> [Crawled caption data]:
※ ※ ※
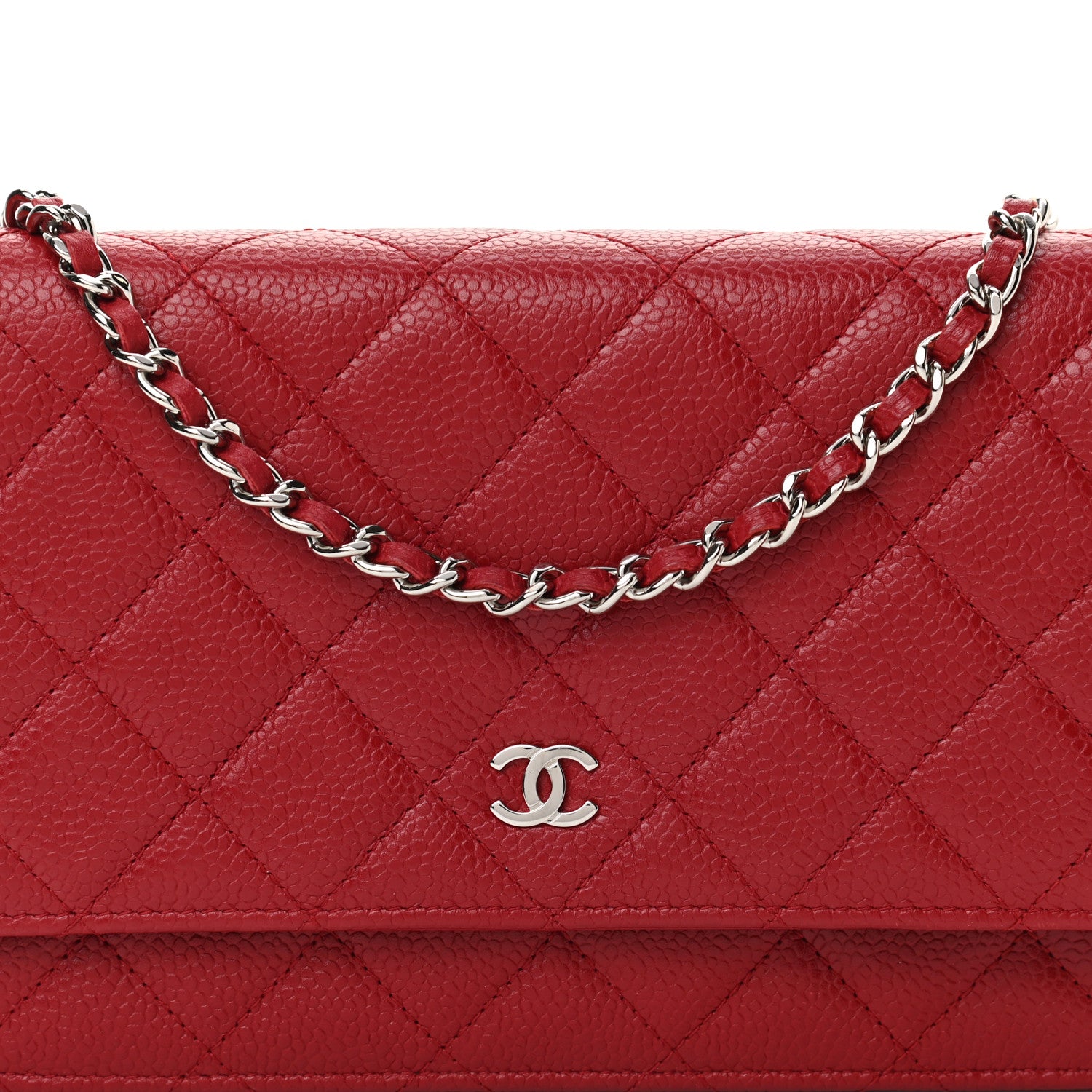 Chanel Caviar Quilted Wallet On Chain WOC Red 17 of 25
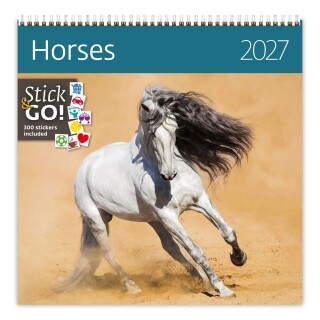 Nástěnný kalendář Horses 2027 včetně laše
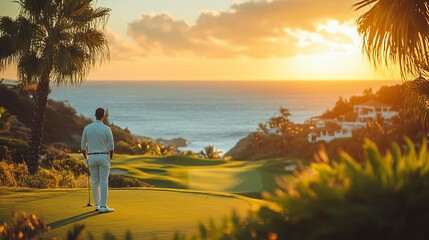 Golf course ocean view, luxury resort, businessman playing golf at sunset, a tranquil scene, palm trees, perfect for travel, leisure and sport themes, a truly exclusive lifestyle.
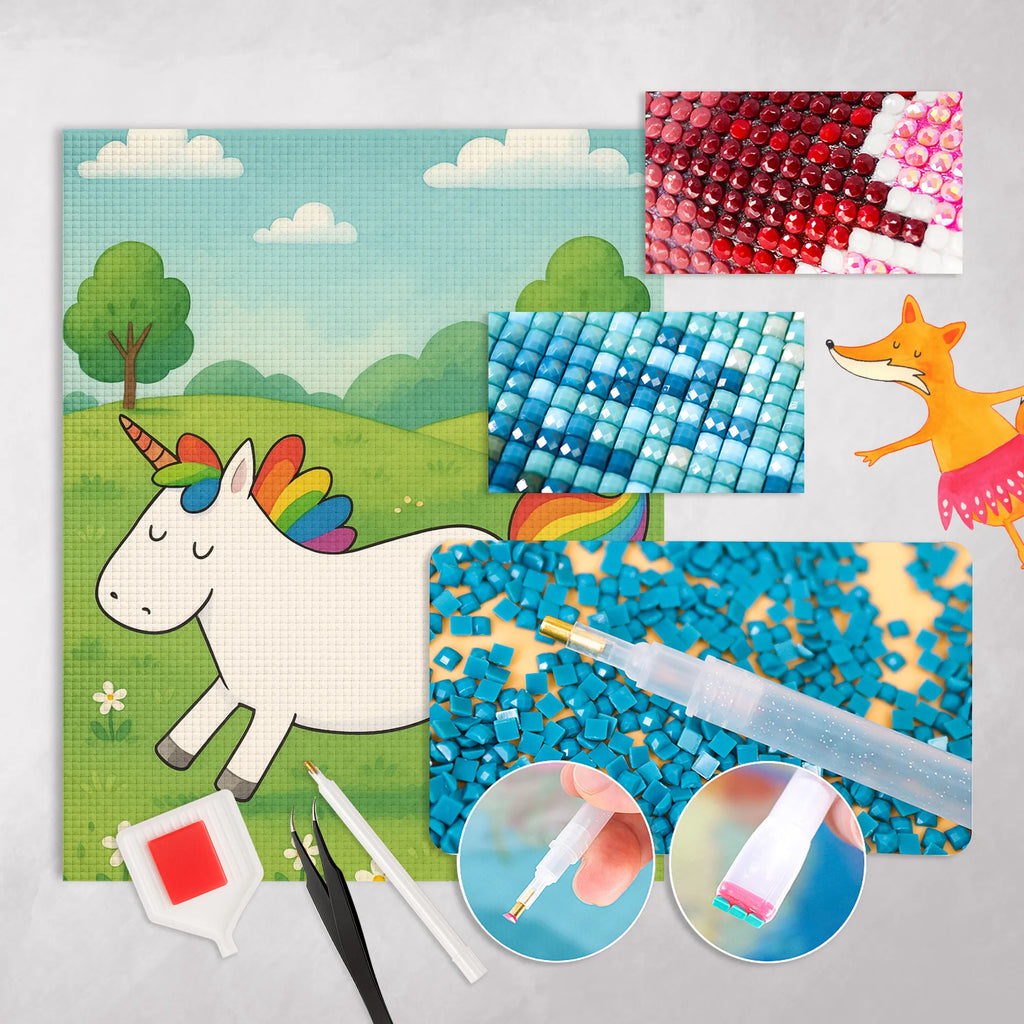 Diamond Painting Einhorn Happy Design Kristallbild, Diamond Painting, DIY, Kreativität, Einhorn, Einhörner, Einhorn Deko, Unicorn, Freude, witzig, fröhlich, glücklich, Spaß, Lebensfreude, Lächeln, spannend, Lachen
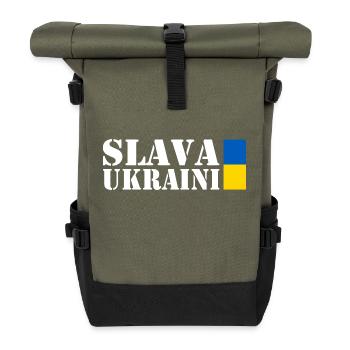 Slava ukraini - Rolltop Rucksack - Olive/Schwarz - Vorne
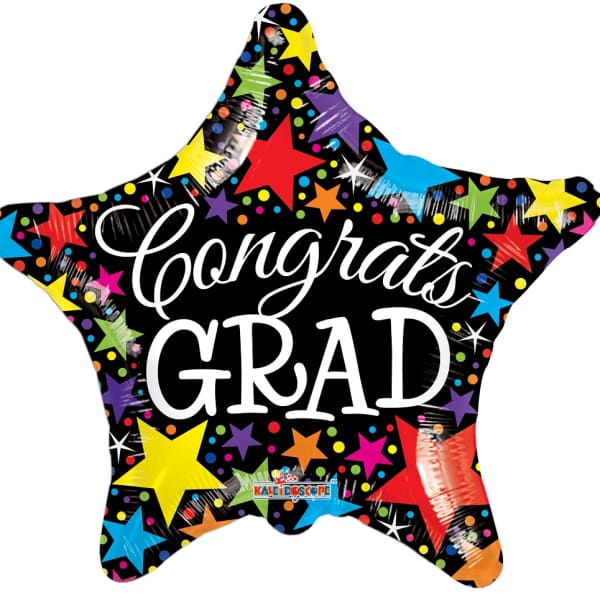 Star-shaped graduation balloon with colorful stars and "Congrats Grad" text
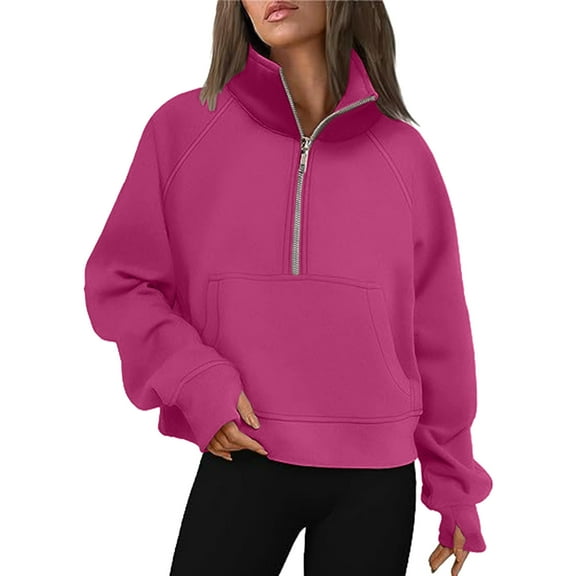 larppty Womens Sweatshirts Half Zip Pullover Quarter Zipper Hoodies 2025 Fall Fashion Outfits Clothes (Hot Pink, XL)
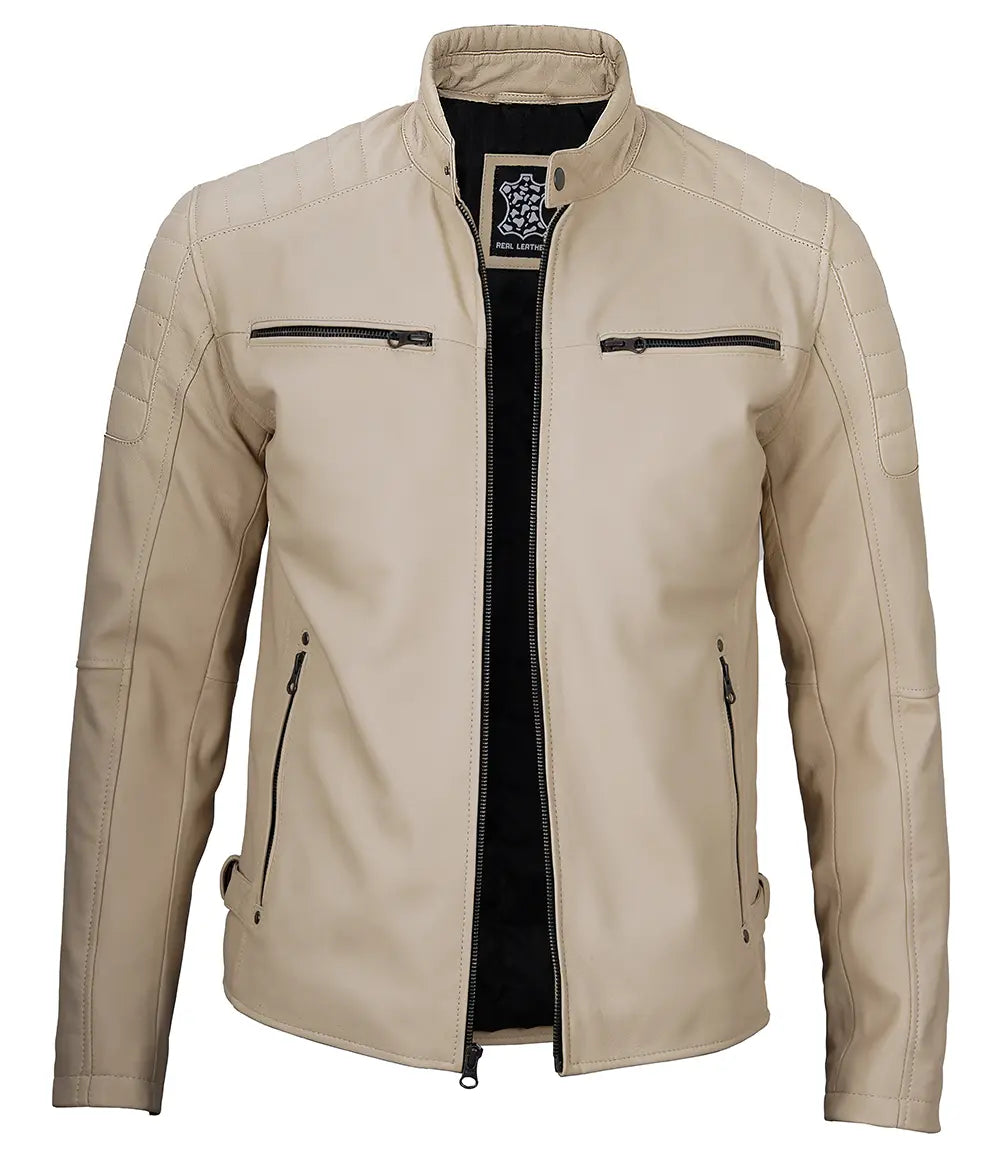 beige mens leather jacket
※ ※ ※
> [To do]:
The lines from the one holding "Nástěnný kalendář Horses 2027 včetně laše" through the end of the entries are to be transcribed exactly, both ends included, with the pictures left out.

> [Result]:
 Nástěnný kalendář Horses 2027 včetně laše
 Golf course ocean view, luxury resort, businessman playing golf at sunset, a tranquil scene, palm trees, perfect for travel, leisure and sport themes, a truly exclusive lifestyle.
 Diamond Painting Einhorn Happy Design Kristallbild, Diamond Painting, DIY, Kreativität, Einhorn, Einhörner, Einhorn Deko, Unicorn, Freude, witzig, fröhlich, glücklich, Spaß, Lebensfreude, Lächeln, spannend, Lachen
 Slava ukraini - Rolltop Rucksack - Olive/Schwarz - Vorne
 Star-shaped graduation balloon with colorful stars and "Congrats Grad" text
 larppty Womens Sweatshirts Half Zip Pullover Quarter Zipper Hoodies 2025 Fall Fashion Outfits Clothes (Hot Pink, XL)
 beige mens leather jacket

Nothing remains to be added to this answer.